Loss Given Default (LGD): Measures the severity of loss on a facility in the event of a borrower’s default, expressed as a percentage of exposure at default.

Exposure Types

Non-retail

Corporate: Defined as a debt obligation of a corporation, partnership, or proprietorship.

Bank: Defined as a debt obligation of a bank or bank equivalent.

Sovereign: Defined as a debt obligation of a sovereign, central bank, multi development banks and public sector entities (PSEs) as defined in the OSFI Guideline – Capital Adequacy Requirements (November 2023).

Securitization: On-balance sheet investments in asset-backed securities, mortgage-backed securities, collateralized loan obligations and collateralized debt obligations, off-balance sheet liquidity lines to the Bank’s own sponsored and third-party conduits and credit enhancements.

Retail

Residential Mortgage: Loans to individuals against residential property (four units or less).

Secured Lines of Credit: Revolving personal lines of credit secured by residential real estate.

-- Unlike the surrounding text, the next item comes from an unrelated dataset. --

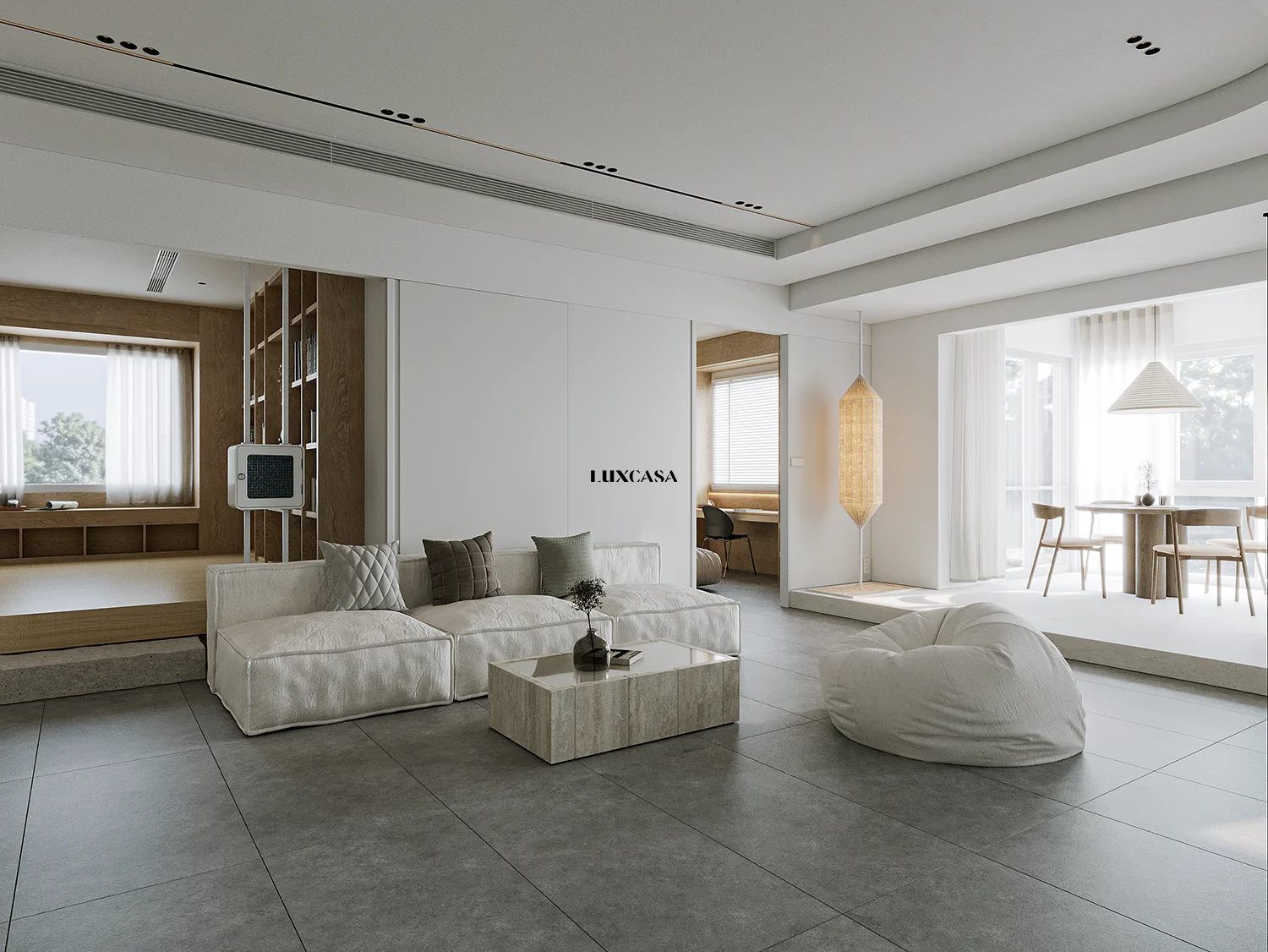 Gạch phòng khách xi măng mờ 60x120 612LU12A208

Qualifying Revolving Retail Exposures: Credit cards and unsecured lines of credit for individuals.

Other Retail: All other personal loans.

Exposure Sub-types

Drawn: Outstanding amounts for loans, leases, acceptances, deposits with banks and FVOCI debt securities.

Undrawn: Unutilized portion of authorized committed credit lines.

Other Exposures

Repo-Style Transactions: Reverse repurchase agreements (reverse repos) and repurchase agreements (repos), securities lending and borrowing.

OTC Derivatives: Over-the-counter derivatives contracts refers to financial instruments which are traded through a dealer network rather than through an exchange.

Other Off-balance Sheet: Direct credit substitutes, such as standby letters of credit and guarantees, trade letters of credit, and performance letters of credit and guarantees.

Exchange-Traded Derivative Contracts: Exchange-traded derivative contracts are derivative contracts (e.g. futures contracts and options) that are transacted on an organized futures exchange. These include futures contracts (both long and short positions), purchased options and written options.

Qualifying Central Counterparty (QCCP): A licensed central counterparty is considered “qualifying” when it is compliant with the International Organization of Securities Commissions (IOSCO) standards and is able to assist clearing member banks in properly capitalizing for CCP exposures.

Asset Value Correlation Multiplier (AVC): Basel III has higher risk-weights on exposures to certain Financial Institutions (FIs) relative to the non-financial corporate sector by introducing an AVC. The correlation factor in the risk-weight formula is multiplied by this AVC factor of 1.25 for all exposures to regulated FIs whose total assets are greater than or equal to U.S. $150 billion and all exposures to unregulated FIs.

Specific Wrong-Way Risk (WWR): Specific Wrong-Way Risk arises when the exposure to a particular counterparty is positively correlated with the probability of default of the counterparty due to the nature of the transactions with the counterparty.

Basel III Regulatory Capital Floor: Since the introduction of Basel II in 2008, OSFI has prescribed a minimum regulatory capital floor for institutions that use the advanced internal ratings-based approach for credit risk. Effective Q2 2023, the capital floor add-on is determined under the Basel III Framework by comparing RWA generated for internally modelled standardized portfolios to RWA calculated under a fully standardized approach at the required capital floor calibration. A shortfall to the capital floor RWA requirement is added to the Bank’s RWA.